• **Problem requirements**:
Could you restate the whole listing word for word?

>>>

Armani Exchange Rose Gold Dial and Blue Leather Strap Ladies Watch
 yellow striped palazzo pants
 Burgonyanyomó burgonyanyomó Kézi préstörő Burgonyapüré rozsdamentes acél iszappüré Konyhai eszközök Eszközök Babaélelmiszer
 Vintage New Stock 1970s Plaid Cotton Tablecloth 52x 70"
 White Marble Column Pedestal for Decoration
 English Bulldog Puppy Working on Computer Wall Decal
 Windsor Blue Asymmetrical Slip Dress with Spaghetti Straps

<<<

• **Result of this exercise**:
Armani Exchange Rose Gold Dial and Blue Leather Strap Ladies Watch
 yellow striped palazzo pants
 Burgonyanyomó burgonyanyomó Kézi préstörő Burgonyapüré rozsdamentes acél iszappüré Konyhai eszközök Eszközök Babaélelmiszer
 Vintage New Stock 1970s Plaid Cotton Tablecloth 52x 70"
 White Marble Column Pedestal for Decoration
 English Bulldog Puppy Working on Computer Wall Decal
 Windsor Blue Asymmetrical Slip Dress with Spaghetti Straps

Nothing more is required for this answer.